(Provided data)

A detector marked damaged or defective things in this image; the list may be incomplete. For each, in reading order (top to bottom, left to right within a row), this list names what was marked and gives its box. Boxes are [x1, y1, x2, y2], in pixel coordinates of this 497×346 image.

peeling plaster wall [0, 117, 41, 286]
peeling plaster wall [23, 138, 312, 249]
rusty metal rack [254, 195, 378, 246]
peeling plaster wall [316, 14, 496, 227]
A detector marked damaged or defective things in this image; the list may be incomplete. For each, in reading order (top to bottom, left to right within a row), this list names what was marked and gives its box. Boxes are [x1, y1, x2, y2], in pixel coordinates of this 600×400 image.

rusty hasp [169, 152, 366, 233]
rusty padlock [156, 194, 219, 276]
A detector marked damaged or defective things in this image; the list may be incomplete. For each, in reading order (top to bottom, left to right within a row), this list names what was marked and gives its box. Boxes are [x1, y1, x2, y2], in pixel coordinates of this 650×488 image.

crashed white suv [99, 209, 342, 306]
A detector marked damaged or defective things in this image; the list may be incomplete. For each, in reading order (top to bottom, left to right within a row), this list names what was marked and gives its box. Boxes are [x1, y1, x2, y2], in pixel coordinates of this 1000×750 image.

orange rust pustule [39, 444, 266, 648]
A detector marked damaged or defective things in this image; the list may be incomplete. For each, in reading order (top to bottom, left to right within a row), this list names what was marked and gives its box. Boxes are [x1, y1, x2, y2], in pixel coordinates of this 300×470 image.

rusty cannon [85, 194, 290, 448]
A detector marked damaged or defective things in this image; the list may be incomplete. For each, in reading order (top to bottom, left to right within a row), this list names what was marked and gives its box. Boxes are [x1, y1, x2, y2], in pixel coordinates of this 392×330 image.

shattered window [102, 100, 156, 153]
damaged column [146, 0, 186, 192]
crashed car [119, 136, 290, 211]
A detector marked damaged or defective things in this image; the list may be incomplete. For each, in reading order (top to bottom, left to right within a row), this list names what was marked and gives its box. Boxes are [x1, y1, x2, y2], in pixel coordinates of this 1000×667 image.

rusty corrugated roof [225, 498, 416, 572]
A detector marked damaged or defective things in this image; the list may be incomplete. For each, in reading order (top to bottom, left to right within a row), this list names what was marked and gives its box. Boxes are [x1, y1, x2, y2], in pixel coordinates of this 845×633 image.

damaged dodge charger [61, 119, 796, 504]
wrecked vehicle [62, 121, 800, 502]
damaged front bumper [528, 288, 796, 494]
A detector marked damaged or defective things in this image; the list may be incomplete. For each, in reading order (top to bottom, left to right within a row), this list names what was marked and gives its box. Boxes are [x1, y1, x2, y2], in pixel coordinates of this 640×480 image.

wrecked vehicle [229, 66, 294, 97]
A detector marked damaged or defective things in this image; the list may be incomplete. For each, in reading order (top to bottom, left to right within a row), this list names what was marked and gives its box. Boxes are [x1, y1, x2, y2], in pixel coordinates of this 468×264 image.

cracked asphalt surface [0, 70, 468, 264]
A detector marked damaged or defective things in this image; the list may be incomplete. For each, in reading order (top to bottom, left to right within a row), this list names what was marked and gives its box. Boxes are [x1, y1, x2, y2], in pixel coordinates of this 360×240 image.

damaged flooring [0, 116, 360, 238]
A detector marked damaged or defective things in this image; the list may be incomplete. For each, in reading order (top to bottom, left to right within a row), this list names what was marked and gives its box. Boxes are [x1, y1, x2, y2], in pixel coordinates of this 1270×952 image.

(End Provided data)

Problem requirements
The full set of records above must be retyped exactly.

Written answer
A detector marked damaged or defective things in this image; the list may be incomplete. For each, in reading order (top to bottom, left to right within a row), this list names what was marked and gives its box. Boxes are [x1, y1, x2, y2], in pixel coordinates of this 497×346 image.

peeling plaster wall [0, 117, 41, 286]
peeling plaster wall [23, 138, 312, 249]
rusty metal rack [254, 195, 378, 246]
peeling plaster wall [316, 14, 496, 227]
A detector marked damaged or defective things in this image; the list may be incomplete. For each, in reading order (top to bottom, left to right within a row), this list names what was marked and gives its box. Boxes are [x1, y1, x2, y2], in pixel coordinates of this 600×400 image.

rusty hasp [169, 152, 366, 233]
rusty padlock [156, 194, 219, 276]
A detector marked damaged or defective things in this image; the list may be incomplete. For each, in reading order (top to bottom, left to right within a row), this list names what was marked and gives its box. Boxes are [x1, y1, x2, y2], in pixel coordinates of this 650×488 image.

crashed white suv [99, 209, 342, 306]
A detector marked damaged or defective things in this image; the list may be incomplete. For each, in reading order (top to bottom, left to right within a row), this list names what was marked and gives its box. Boxes are [x1, y1, x2, y2], in pixel coordinates of this 1000×750 image.

orange rust pustule [39, 444, 266, 648]
A detector marked damaged or defective things in this image; the list may be incomplete. For each, in reading order (top to bottom, left to right within a row), this list names what was marked and gives its box. Boxes are [x1, y1, x2, y2], in pixel coordinates of this 300×470 image.

rusty cannon [85, 194, 290, 448]
A detector marked damaged or defective things in this image; the list may be incomplete. For each, in reading order (top to bottom, left to right within a row), this list names what was marked and gives its box. Boxes are [x1, y1, x2, y2], in pixel coordinates of this 392×330 image.

shattered window [102, 100, 156, 153]
damaged column [146, 0, 186, 192]
crashed car [119, 136, 290, 211]
A detector marked damaged or defective things in this image; the list may be incomplete. For each, in reading order (top to bottom, left to right within a row), this list names what was marked and gives its box. Boxes are [x1, y1, x2, y2], in pixel coordinates of this 1000×667 image.

rusty corrugated roof [225, 498, 416, 572]
A detector marked damaged or defective things in this image; the list may be incomplete. For each, in reading order (top to bottom, left to right within a row), this list names what was marked and gives its box. Boxes are [x1, y1, x2, y2], in pixel coordinates of this 845×633 image.

damaged dodge charger [61, 119, 796, 504]
wrecked vehicle [62, 121, 800, 502]
damaged front bumper [528, 288, 796, 494]
A detector marked damaged or defective things in this image; the list may be incomplete. For each, in reading order (top to bottom, left to right within a row), this list names what was marked and gives its box. Boxes are [x1, y1, x2, y2], in pixel coordinates of this 640×480 image.

wrecked vehicle [229, 66, 294, 97]
A detector marked damaged or defective things in this image; the list may be incomplete. For each, in reading order (top to bottom, left to right within a row), this list names what was marked and gives its box. Boxes are [x1, y1, x2, y2], in pixel coordinates of this 468×264 image.

cracked asphalt surface [0, 70, 468, 264]
A detector marked damaged or defective things in this image; the list may be incomplete. For each, in reading order (top to bottom, left to right within a row), this list names what was marked and gives its box. Boxes are [x1, y1, x2, y2], in pixel coordinates of this 360×240 image.

damaged flooring [0, 116, 360, 238]
A detector marked damaged or defective things in this image; the list may be incomplete. For each, in reading order (top to bottom, left to right within a row), this list names what was marked and gives its box. Boxes are [x1, y1, x2, y2], in pixel coordinates of this 1270×952 image.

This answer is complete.